Meine Freundinnen kennen sich aus, sie haben alle jemanden zum Reden: Therapeuten, Psychologen, Coaches, KI. So wie die meisten Menschen ihre Sternbilder und ihren Menstruationszyklus kennen, die damit verbundenen Stimmungen und Charaktereigenschaften, so präsentierten meine Freundinnen stolz ihre Diagnosen: etwas bipolar, mit einer ADHS-Neigung und depressiven Schüben; oder manisch-depressiv mit Hang zur Borderlinerin; oder leichte Narzisstin mit Helferkomplex.

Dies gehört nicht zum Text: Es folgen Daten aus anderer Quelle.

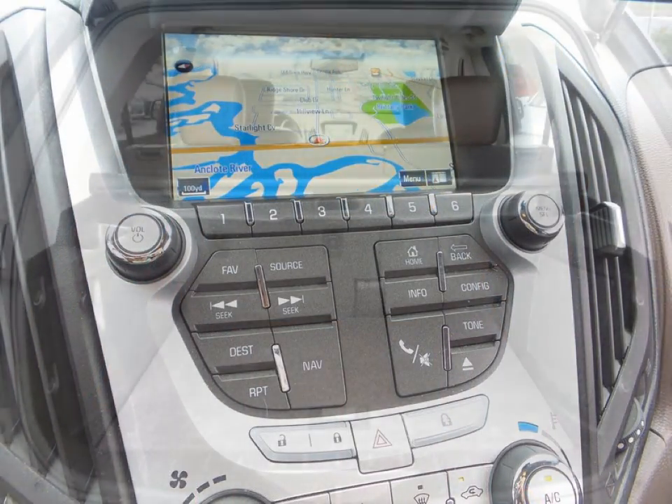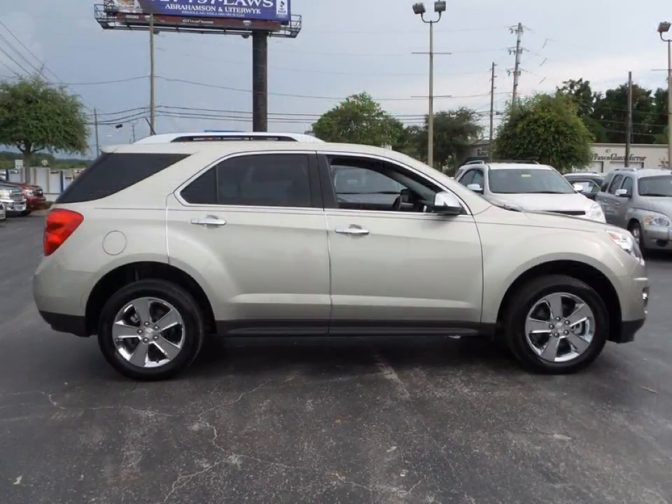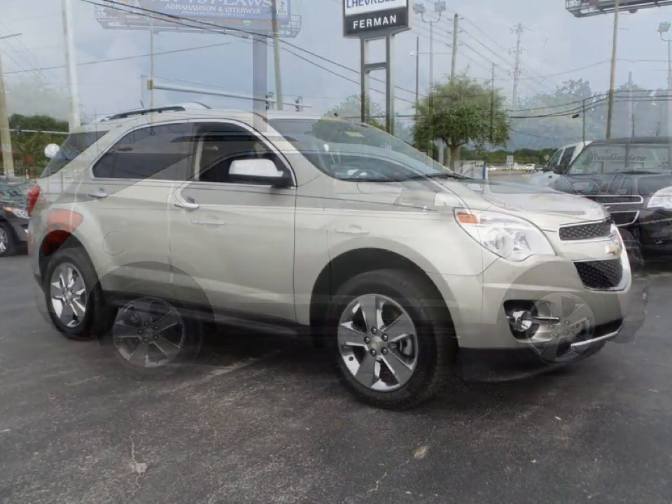This vehicle has front halogen fog lamps, power heated exterior mirrors, four-wheel power anti-lock disc brakes, traction control system, and much more.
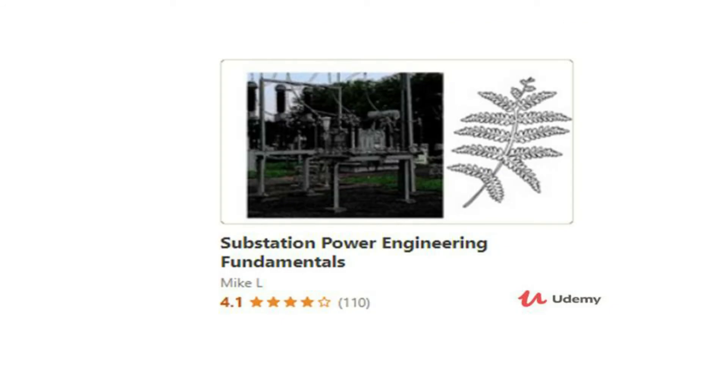If you want to build a more comprehensive knowledge base revolving around substations, I recommend you check out my course on Udemy called Substation Power Engineering Fundamentals. This is a comprehensive video course where you can learn industry-specific knowledge about power substations that you would not have known unless you worked in the utility industry for a number of years. If you're interested in joining this course, please check it out with the link in the video description. Thank you.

Ein bisschen schämte ich mich, denn ich hatte sie nur für verrückt gehalten (sie mich natürlich auch). Dabei steckte so viel mehr dahinter. Und sie machen was draus: Eine verdankt ihren tollen Job in einer Werbeagentur ihrem ADHS. Da geht alles schneller, intuitiver. Der kreative Kopf arbeitet wie ein Hochleistungsofen. Fehler werden ihr als Neurodiverse nachgesehen. Die andere konnte mit ihrer Depression endlich etwas kürzertreten und hat es sich im Homeoffice gemütlich gemacht. Und der Narzisstin in unserer Runde hat man einen Führungsposten bei einer großen Volkspartei hinterhergeschmissen.
Anzeige»Und was ist nun mit mir?«, fragte ich. Offenbar galt ich als langweiliger Normalo (bzw. Normala), eben bloß mit einem gewalttätigen Sohn geschlagen.
»Wie, das weißt du nicht?«, schrien die Freundinnen. »Deine Macke ist so offensichtlich wie der Wintereinbruch, sie muss nur noch formuliert werden.« Nach einer kurzen Diskussion, während derer sie mir Puls und Blutdruck maßen, dann das erlösende Ergebnis: hyperfunktionale Depression und ein bisschen ASS – eine klassische Autismus-Spektrum-Störung. Also heutzutage ganz normal. Früher hätte man mir vielleicht gesagt: Du bist gestresst und brauchst immer mal deine Ruhe. Aber mit einer psychopathologischen Diagnose lebt es sich viel schöner!
Meinem Jungen wurde sein Leiden übrigens bald zu viel. Er erbat sich von mir die Erlaubnis, als »plötzlich wie durch ein Wunder geheilt« in der Schule auftreten zu dürfen, sozusagen in seinem ursprünglichen Zustand als Langweiler. Ein wenig unsicher stimmte ich zu: Würden die Anwalt-Eltern seine Gewalttat als verjährt betrachten? Bis jetzt ist alles ruhig – mein Sohn und der Kollege sind ziemlich beste Freunde.